Autrement, j’ai été frappé par la non présence de soldats allemands à l’écran, comme si on voulait montrer que les véritables ennemis des soldats étaient ici les officiers, qui seraient eux véritablement responsables de la mort des soldats. Ou alors, on pourrait aussi avancer le caractère duale du conflit, dans le sens où d'une part la mort peut venir de chaque côté, mais que les "ennemis" peuvent aussi venir de son camp.

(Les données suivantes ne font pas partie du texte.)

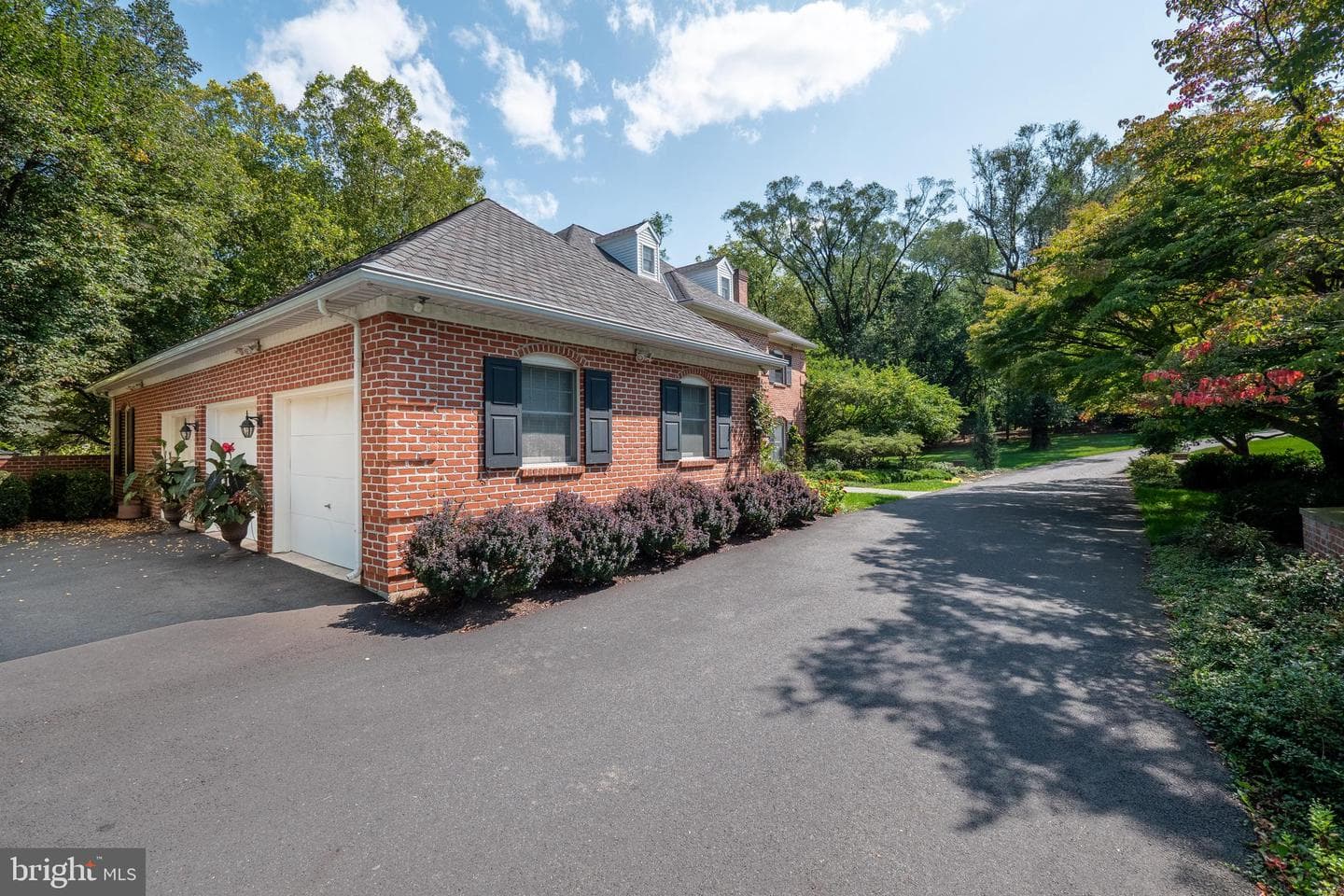 1593 Saucon Valley Road photo 4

Ce film montre aussi la sorte "d'irresponsabilisation" de chacun dans ce milieu. A chaque fois, la responsabilité peut être mise sur celui au-dessus de lui, le sergent sur le colonel, le colonel sur le général, le général sur les autorités politiques…Finalement, on pourrait percevoir ici une forme de dissolution des responsabilité qui permet à chacun de se sentir extérieur à toute faute ou conséquence dommageable (chose qu'on retrouve d'ailleurs dans beaucoup d'épisodes tragiques de notre histoire), comme une forme de taylorisme de la responsabilité. Et en plus, si il n’y a pas de responsable, qui se sent véritablement concerné par les horreurs qui arrivent ?

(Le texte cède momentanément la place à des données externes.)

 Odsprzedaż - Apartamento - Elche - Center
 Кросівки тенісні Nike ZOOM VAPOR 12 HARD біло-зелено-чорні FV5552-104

Comme d’habitude avec Kubrick on retrouve une réalisation de premier ordre pour ce film même si je l’ai trouvé moins audacieux que dans 2001. J’ai été particulièrement convaincu par sa manière de filmer la scène de l’assaut et celle du procès. Pour ce qui est de l’accompagnement sonore on a ici le droit à de la musique martiale bien en rapport avec le thème du film. Je ne m’arrête pas longtemps sur la réalisation car pendant mon visionnage j’ai surtout été happé par les messages et dénonciations du film. Sans doute au deuxième visionnage je m’arrêterai plus sur ce côté de l’œuvre.


Dans les choses qui m’ont un peu fait tiquer je dois évoquer le superbe brushing de Kirk Douglas, pas sûr que cela était la mode à l’époque ! Certaines scènes ont aussi pris un petit coup de vieux, je parle ici de l’attaque des soldats pour prendre la colline où plutôt que de mourir ou croirait que les soldats se jettent volontairement au sol. Mais bon, là je suis un peu pointilleux.
Ce long métrage a d’ailleurs été une œuvre qui dérange en France, j’ai appris par un ami que le film n’a été autorisé en France que dans les années 1970 (en fait il s'agirait plutôt d'une forme d'auto censure). Ainsi, même si ce film n’est pas un documentaire dans le sens de la rigueur historique il comporte des éléments que l’on pouvait très bien retrouver à cette époque.


Les Sentiers de la gloire est une œuvre pamphlétaire (ou dénonciatrice) contre la guerre mais surtout contre la hiérarchie absurde et les relations/positions/rapports de pouvoir (et donc de force) au sein de l’armée. Ce long métrage est pour moi une des meilleurs œuvres de Stanley Kubrick, qui arrive dans le trio de tête avec 2001 et Orange Mécanique.